═══ INPUT DATA ═══

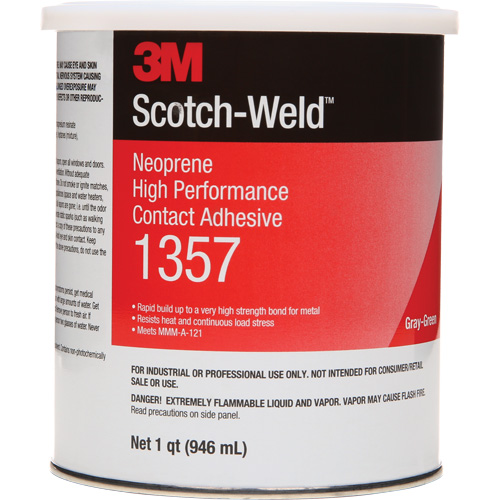 Neoprene High-Performance Contact Adhesive, Can, 32 fl. oz., Grey Meunier Outillage Industriel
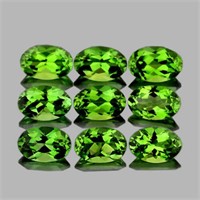 Natural Rare Chrome Green Apatite 9 Pcs(Flawless-V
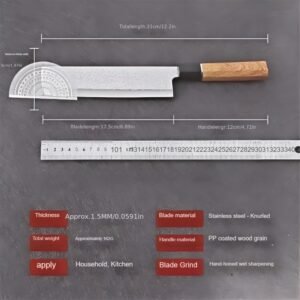 fe1297a0-03f7-11f1-a493-0a580ab05eea.jpg Hand-forged Japanese Hammer Pattern Knife | Kitchen Tool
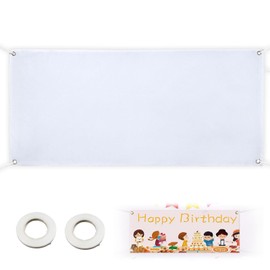 White Flag, 100x180cm, 1 Piece, Flag White Background, Blank White Flag, 4 Grommets, Eyelet in Every Corner, 10m Rope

═══

TASK TO COMPLETE>
Copy out all the data above exactly, minus the images.

SOLVED PROBLEM>
 Neoprene High-Performance Contact Adhesive, Can, 32 fl. oz., Grey Meunier Outillage Industriel
 Natural Rare Chrome Green Apatite 9 Pcs(Flawless-V
 fe1297a0-03f7-11f1-a493-0a580ab05eea.jpg Hand-forged Japanese Hammer Pattern Knife | Kitchen Tool
 White Flag, 100x180cm, 1 Piece, Flag White Background, Blank White Flag, 4 Grommets, Eyelet in Every Corner, 10m Rope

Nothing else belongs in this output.